The newer neighbor, the Arcadia, is a condo completed in 2005 and designed by Costas Kondylis. The spacious, lovely apartments in this 20-story residence sell for millions.
I wasn’t able to uncover the backstory, but it looks like the tenement stood down the Arcadia…which then swallowed the little building whole.
[Second photo: New York City Department of Records and Information Services]
Tags: 412 East 79th Street, holdout buildings, Holdout Tenements New York City, Old Tenement Yorkville, Tenements Manhattan, Yorkville Neighborhood
July 20, 2020 at 9:11 am |
Somebody had to buy the air rights, that’s for sure… the owner of that little building must have made some $$$
July 20, 2020 at 3:29 pm |
Yes, it’s still rather strange to see it encased inside the bigger building!
July 20, 2020 at 11:56 am |
Nice job. I love when you use the 1939 Tax Photos.
Best regards,
Brian G. Andersson (Former Commissioner, NYC Dept. of Records)
>
July 20, 2020 at 3:29 pm |
Thank you for your service taking care of the records preserving New York City’s history!
July 20, 2020 at 12:44 pm |
sounds like a dramatic headline, but, the little building most likely sold its air rights for big dollars…

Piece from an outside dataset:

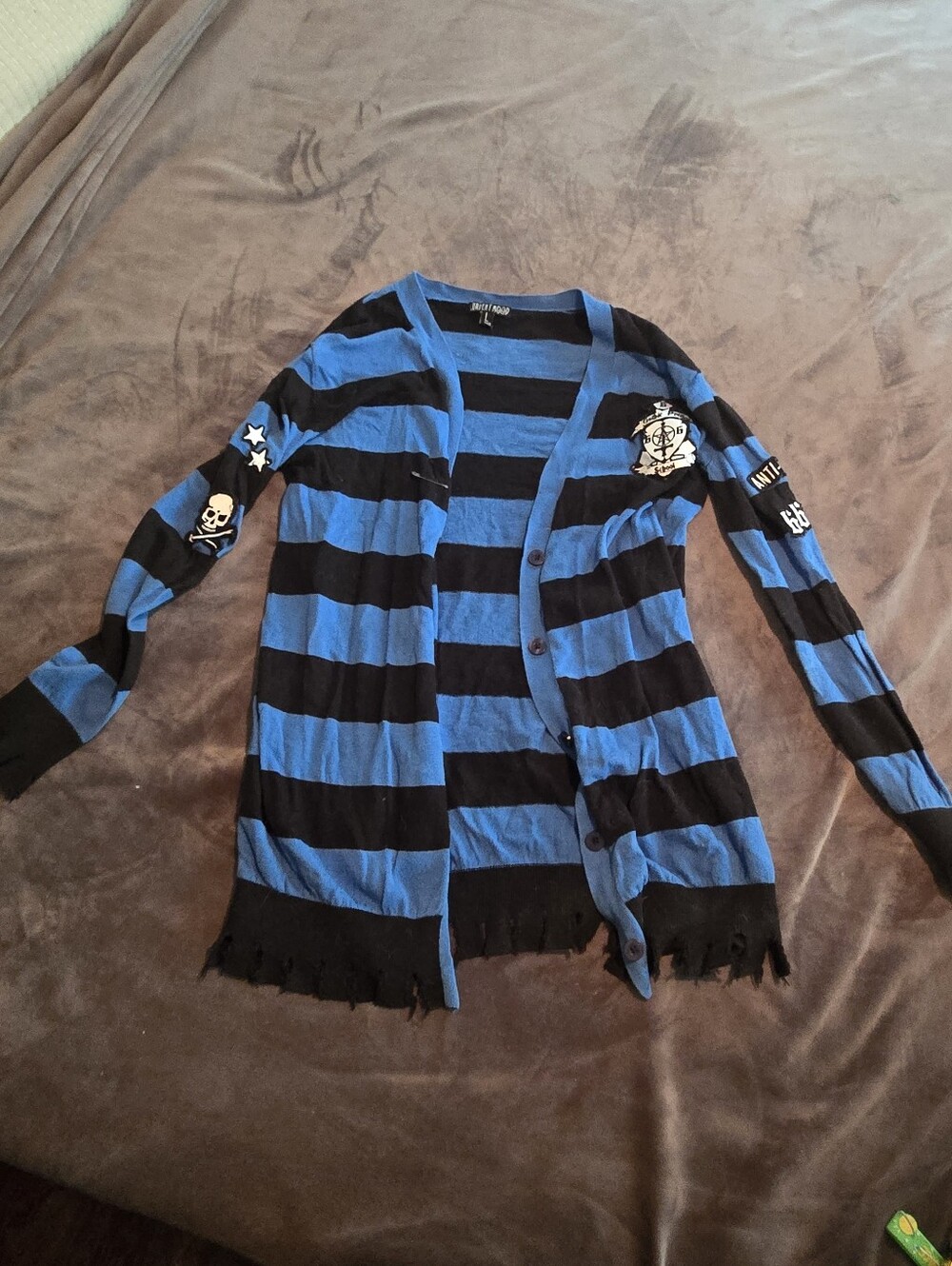 Current Mood Blue Black Striped Cardigan Patch Accents Gothic Prep School Goth M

July 20, 2020 at 3:02 pm |
Boy, that cornice is long gone!
July 22, 2020 at 1:11 pm |
It’s the fault of the large developers who offer pennies to get the recent out while making millions per new apartment. We have that issue going on with the Pending 25 story development On First between E. 85-86th. They offered the tenant a mere $2,000,000. NOTHING after tax in today’s real estate market. They could offer $10 million plus a guaranteed apt in the new building at his old rent, but NO, the developers greed prevails. I’m rooting for the gold out.
July 25, 2020 at 6:37 am |
I’ve heard of tenants holding out for more than two million, like these two men whose longtime home happened to be located in the middle of the future Hudson Yards. They made 25M!